AMD Delivers Strong Q4 With 50 Percent Revenue Boost Thanks To 7nm Ryzen, Radeon

amd dr lisa su
AMD announced its Q4 2019 earnings yesterday and its performance was quite strong. Compared to Q4 2018, AMD saw its overall revenue for Q4 2019 jump 50 percent to $2.13 billion. For the entire year, AMD booked total revenue of $6.73, which was up 4 percent compared to 2018's figures.

The highlight for AMD was its Computing and Graphics division, which encompasses both its Ryzen processors and Radeon GPUs. Revenue increased nearly 70 percent year-over-year to $1.66 billion, easily outpacing the street consensus of $1.5 billion. AMD can chalk up these huge numbers to its successful transition to the 7nm process node for its Ryzen and Radeon products. In fact, roughly 50 percent of AMD's revenue was generated by its 7nm products.

AMD Ryzen

This comes at a time when AMD has a process lead over longtime rival Intel, which has been mired in 10nm transition woes and has run into supply issues with its long-in-the-tooth 14nm process node.

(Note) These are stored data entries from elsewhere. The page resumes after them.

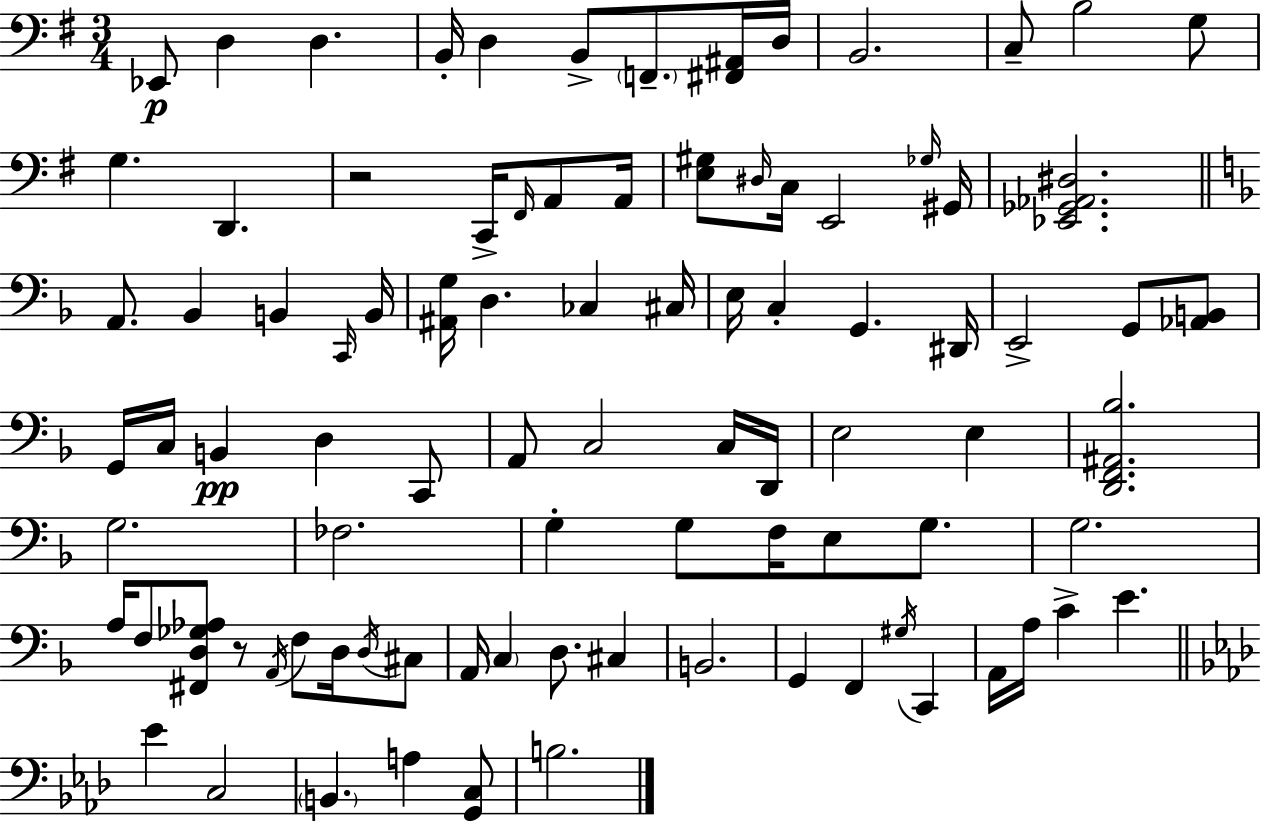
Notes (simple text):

Eb2/e D3/q D3/q. B2/s D3/q B2/e F2/e. [F#2,A#2]/s D3/s B2/h. C3/e B3/h G3/e G3/q. D2/q. R/h C2/s F#2/s A2/e A2/s [E3,G#3]/e D#3/s C3/s E2/h Gb3/s G#2/s [Eb2,Gb2,Ab2,D#3]/h. A2/e. Bb2/q B2/q C2/s B2/s [A#2,G3]/s D3/q. CES3/q C#3/s E3/s C3/q G2/q. D#2/s E2/h G2/e [Ab2,B2]/e G2/s C3/s B2/q D3/q C2/e A2/e C3/h C3/s D2/s E3/h E3/q [D2,F2,A#2,Bb3]/h. G3/h. FES3/h. G3/q G3/e F3/s E3/e G3/e. G3/h. A3/s F3/e [F#2,D3,Gb3,Ab3]/e R/e A2/s F3/e D3/s D3/s C#3/e A2/s C3/q D3/e. C#3/q B2/h. G2/q F2/q G#3/s C2/q A2/s A3/s C4/q E4/q. Eb4/q C3/h B2/q. A3/q [G2,C3]/e B3/h.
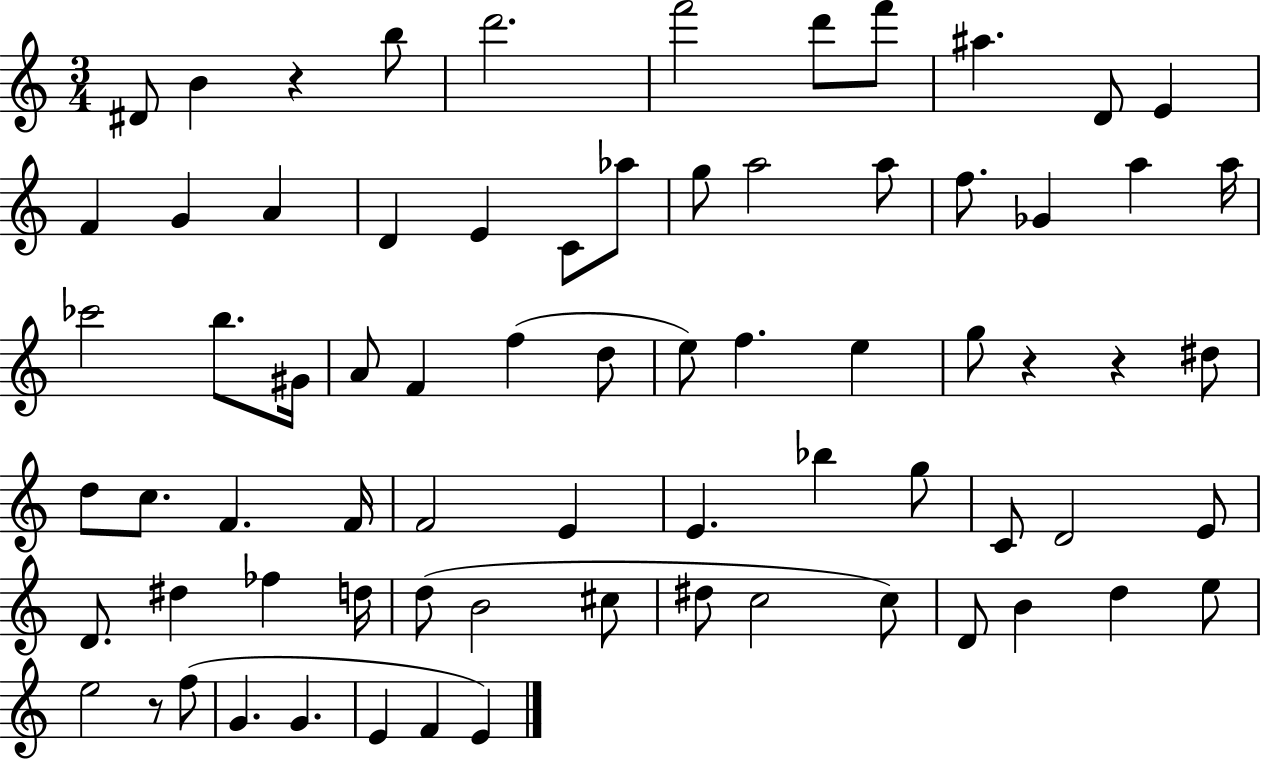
D#4/e B4/q R/q B5/e D6/h. F6/h D6/e F6/e A#5/q. D4/e E4/q F4/q G4/q A4/q D4/q E4/q C4/e Ab5/e G5/e A5/h A5/e F5/e. Gb4/q A5/q A5/s CES6/h B5/e. G#4/s A4/e F4/q F5/q D5/e E5/e F5/q. E5/q G5/e R/q R/q D#5/e D5/e C5/e. F4/q. F4/s F4/h E4/q E4/q. Bb5/q G5/e C4/e D4/h E4/e D4/e. D#5/q FES5/q D5/s D5/e B4/h C#5/e D#5/e C5/h C5/e D4/e B4/q D5/q E5/e E5/h R/e F5/e G4/q. G4/q. E4/q F4/q E4/q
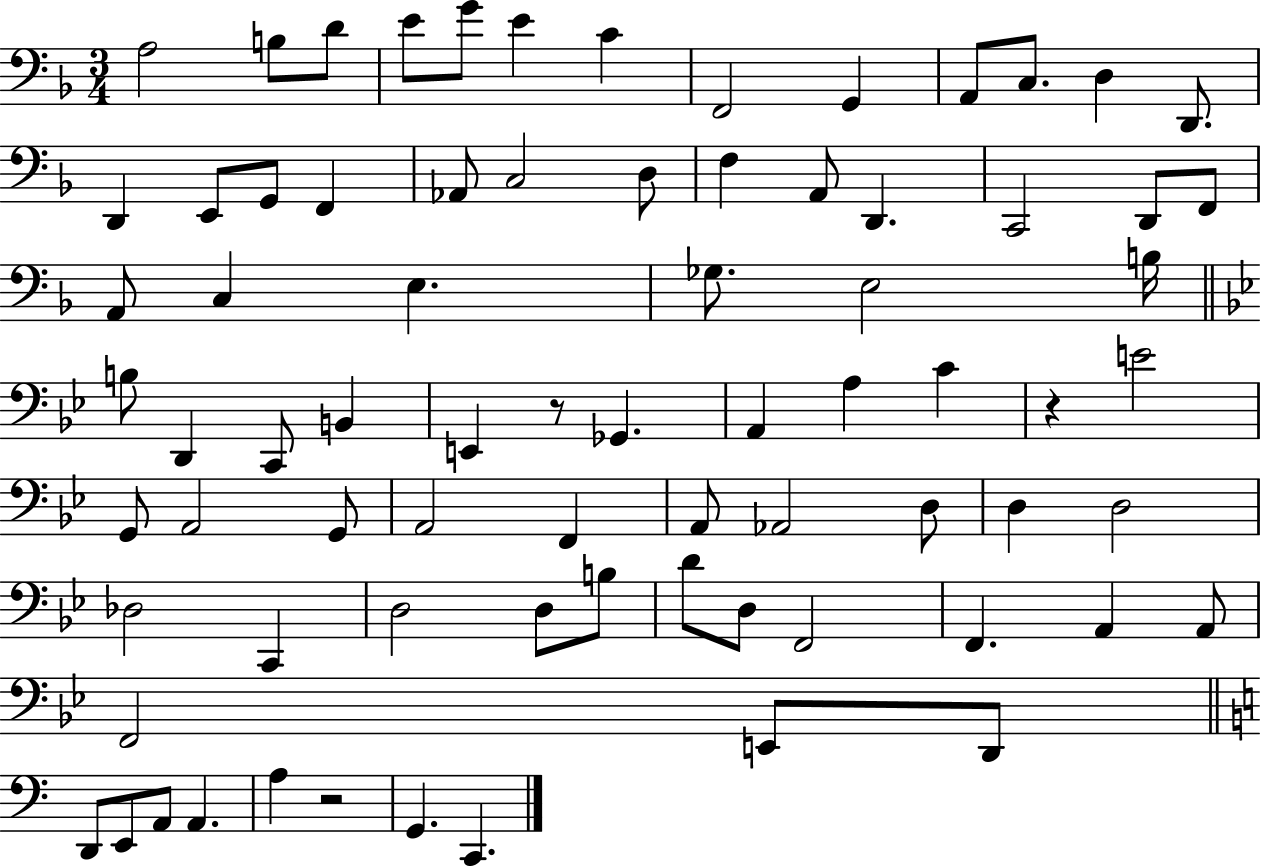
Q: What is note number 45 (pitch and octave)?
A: G2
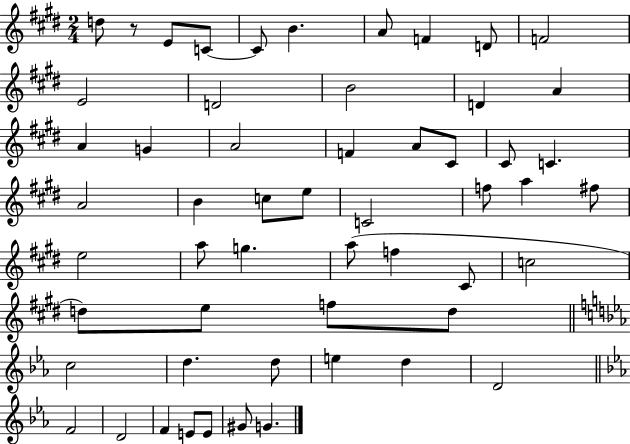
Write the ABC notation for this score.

X:1
T:Untitled
M:2/4
L:1/4
K:E
d/2 z/2 E/2 C/2 C/2 B A/2 F D/2 F2 E2 D2 B2 D A A G A2 F A/2 ^C/2 ^C/2 C A2 B c/2 e/2 C2 f/2 a ^f/2 e2 a/2 g a/2 f ^C/2 c2 d/2 e/2 f/2 d/2 c2 d d/2 e d D2 F2 D2 F E/2 E/2 ^G/2 G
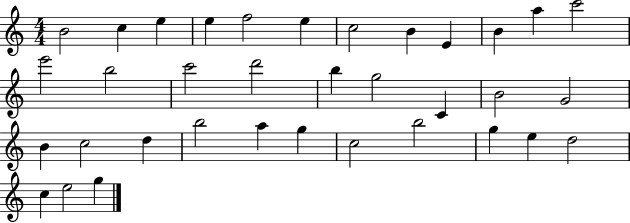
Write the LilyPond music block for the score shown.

{
  \clef treble
  \numericTimeSignature
  \time 4/4
  \key c \major
  b'2 c''4 e''4 | e''4 f''2 e''4 | c''2 b'4 e'4 | b'4 a''4 c'''2 | \break e'''2 b''2 | c'''2 d'''2 | b''4 g''2 c'4 | b'2 g'2 | \break b'4 c''2 d''4 | b''2 a''4 g''4 | c''2 b''2 | g''4 e''4 d''2 | \break c''4 e''2 g''4 | \bar "|."
}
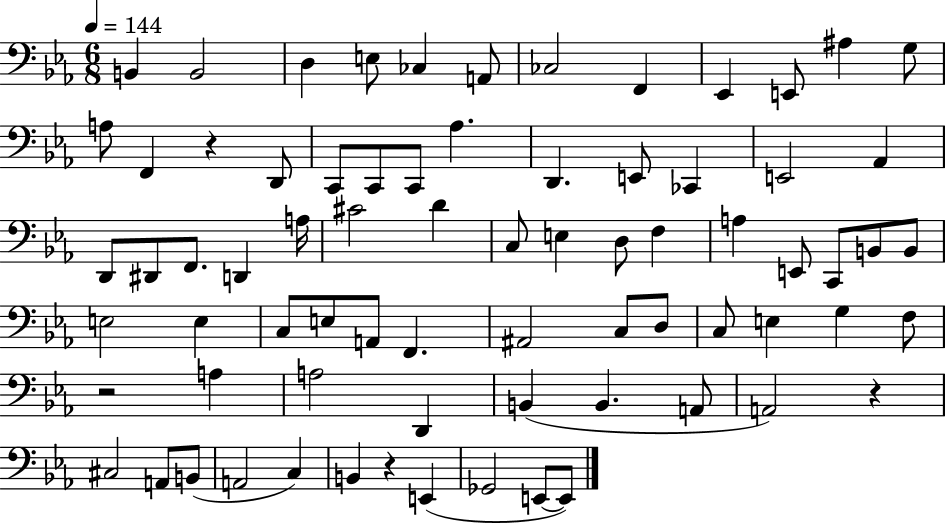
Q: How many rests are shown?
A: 4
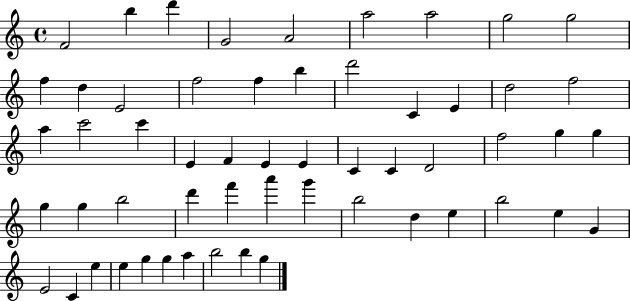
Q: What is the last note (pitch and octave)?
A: G5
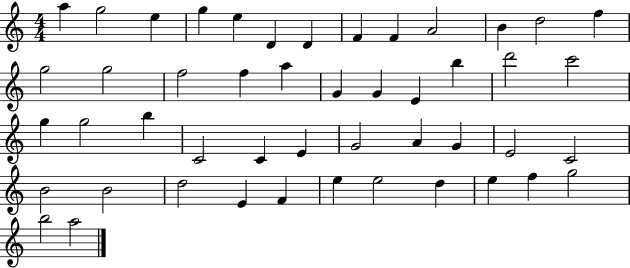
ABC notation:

X:1
T:Untitled
M:4/4
L:1/4
K:C
a g2 e g e D D F F A2 B d2 f g2 g2 f2 f a G G E b d'2 c'2 g g2 b C2 C E G2 A G E2 C2 B2 B2 d2 E F e e2 d e f g2 b2 a2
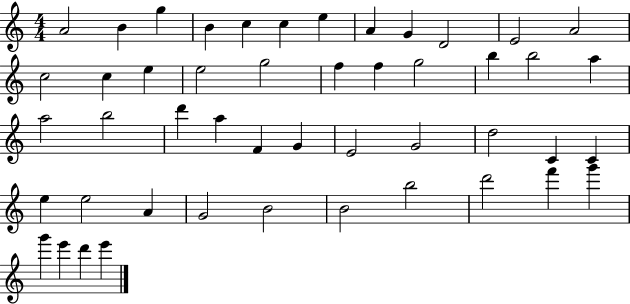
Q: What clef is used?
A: treble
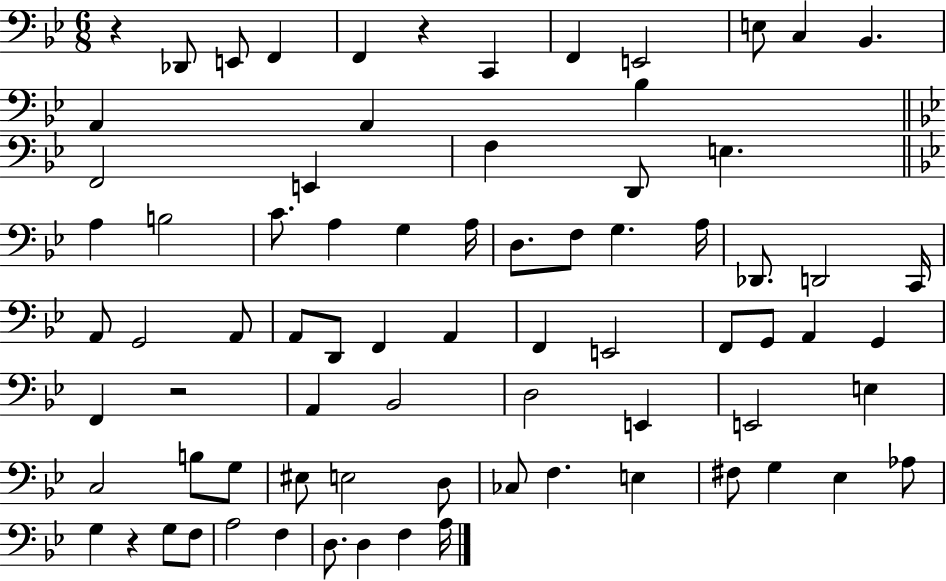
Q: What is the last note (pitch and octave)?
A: A3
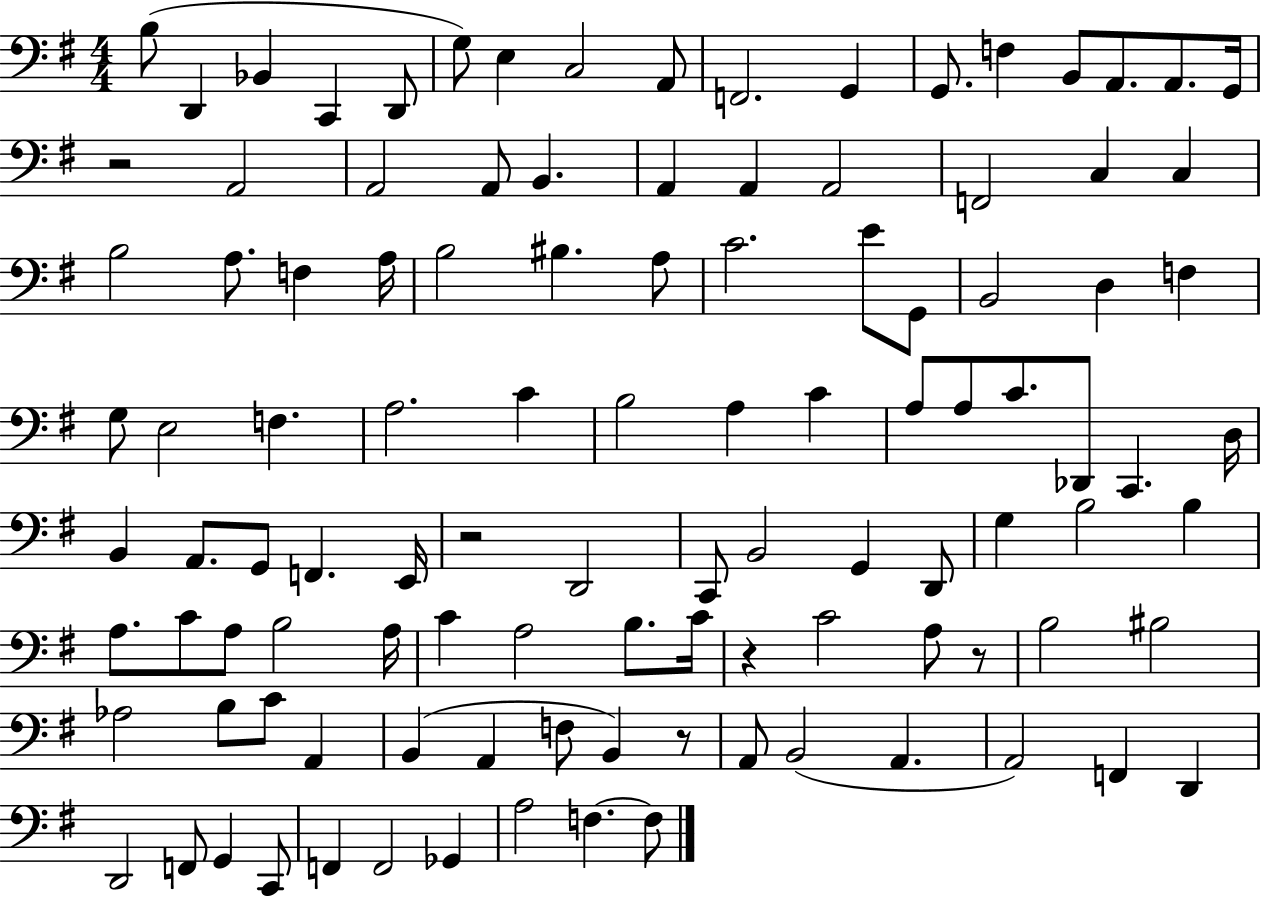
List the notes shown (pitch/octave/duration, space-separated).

B3/e D2/q Bb2/q C2/q D2/e G3/e E3/q C3/h A2/e F2/h. G2/q G2/e. F3/q B2/e A2/e. A2/e. G2/s R/h A2/h A2/h A2/e B2/q. A2/q A2/q A2/h F2/h C3/q C3/q B3/h A3/e. F3/q A3/s B3/h BIS3/q. A3/e C4/h. E4/e G2/e B2/h D3/q F3/q G3/e E3/h F3/q. A3/h. C4/q B3/h A3/q C4/q A3/e A3/e C4/e. Db2/e C2/q. D3/s B2/q A2/e. G2/e F2/q. E2/s R/h D2/h C2/e B2/h G2/q D2/e G3/q B3/h B3/q A3/e. C4/e A3/e B3/h A3/s C4/q A3/h B3/e. C4/s R/q C4/h A3/e R/e B3/h BIS3/h Ab3/h B3/e C4/e A2/q B2/q A2/q F3/e B2/q R/e A2/e B2/h A2/q. A2/h F2/q D2/q D2/h F2/e G2/q C2/e F2/q F2/h Gb2/q A3/h F3/q. F3/e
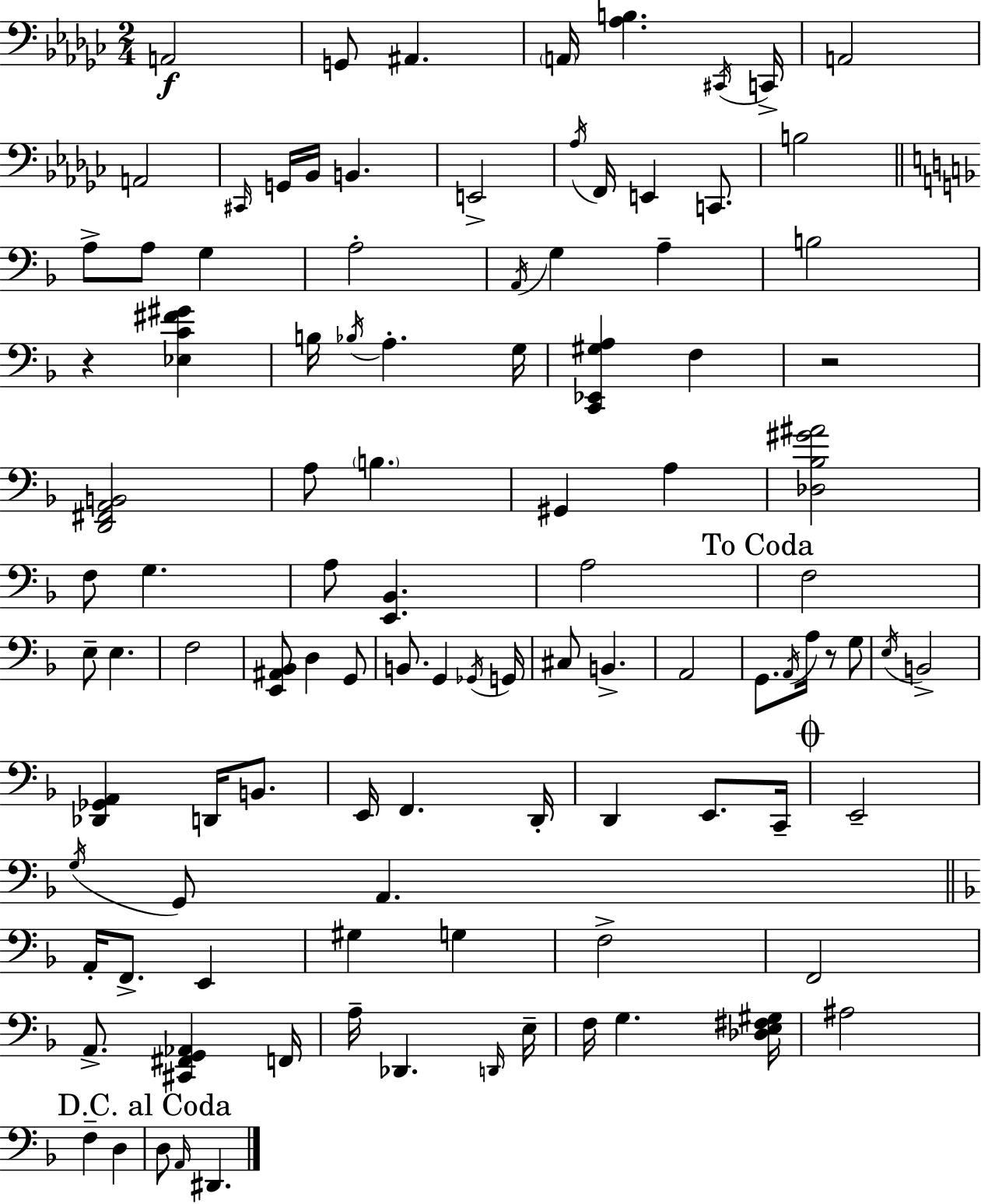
{
  \clef bass
  \numericTimeSignature
  \time 2/4
  \key ees \minor
  \repeat volta 2 { a,2\f | g,8 ais,4. | \parenthesize a,16 <aes b>4. \acciaccatura { cis,16 } | c,16-> a,2 | \break a,2 | \grace { cis,16 } g,16 bes,16 b,4. | e,2-> | \acciaccatura { aes16 } f,16 e,4 | \break c,8. b2 | \bar "||" \break \key f \major a8-> a8 g4 | a2-. | \acciaccatura { a,16 } g4 a4-- | b2 | \break r4 <ees c' fis' gis'>4 | b16 \acciaccatura { bes16 } a4.-. | g16 <c, ees, gis a>4 f4 | r2 | \break <d, fis, a, b,>2 | a8 \parenthesize b4. | gis,4 a4 | <des bes gis' ais'>2 | \break f8 g4. | a8 <e, bes,>4. | a2 | \mark "To Coda" f2 | \break e8-- e4. | f2 | <e, ais, bes,>8 d4 | g,8 b,8. g,4 | \break \acciaccatura { ges,16 } g,16 cis8 b,4.-> | a,2 | g,8. \acciaccatura { a,16 } a16 | r8 g8 \acciaccatura { e16 } b,2-> | \break <des, ges, a,>4 | d,16 b,8. e,16 f,4. | d,16-. d,4 | e,8. c,16-- \mark \markup { \musicglyph "scripts.coda" } e,2-- | \break \acciaccatura { g16 } g,8 | a,4. \bar "||" \break \key f \major a,16-. f,8.-> e,4 | gis4 g4 | f2-> | f,2 | \break a,8.-> <cis, fis, g, aes,>4 f,16 | a16-- des,4. \grace { d,16 } | e16-- f16 g4. | <des e fis gis>16 ais2 | \break f4-- d4 | \mark "D.C. al Coda" d8 \grace { a,16 } dis,4. | } \bar "|."
}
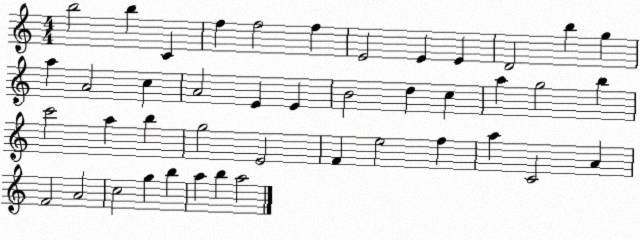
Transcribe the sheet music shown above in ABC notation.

X:1
T:Untitled
M:4/4
L:1/4
K:C
b2 b C f f2 f E2 E E D2 b g a A2 c A2 E E B2 d c a g2 b c'2 a b g2 E2 F e2 f a C2 A F2 A2 c2 g b a b a2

Perhaps one sore point for AMD during the quarter was its Enterprise, Embedded, and Semi-Custom division. While revenue was up 7 recent year-over-year to $465 million, it came in below street estimates. It was also lower than Q3 2019's $525 million haul.

AMD Radeon Graphics Card

"Semi-custom sales continued to soften in the quarter in advance of the next generation console launches from Sony and Microsoft planned this year," explained AMD CEO Dr. Lisa Su. "For 2020, we expect first quarter semi-custom revenue to be negligible and the ramp of next generation semi-custom products to start in the second quarter with revenue to be heavily weighted towards the second half of the year."

Xbox Series X
Xbox Series X

In other words, AMD is seeing a slowdown of orders for its semi-custom chips that it provides for the Xbox One and PlayStation 4 family of consoles. However, AMD is expecting a big ramp of custom Ryzen 3000/Navi chips that will power the next-generation Xbox Series X and PlayStation 5 that will be launching during the Holiday 2020 season.

AMD's forecast of "just" $1.8 billion in revenue for Q1 2020 -- in part due to the implied softness for its semi-custom business -- sent the company's stock down 4 percent in after-hours trading yesterday (after rising roughly 2 percent during the day leading up the earnings call). This morning, the stock is down over 7 percent in early trading.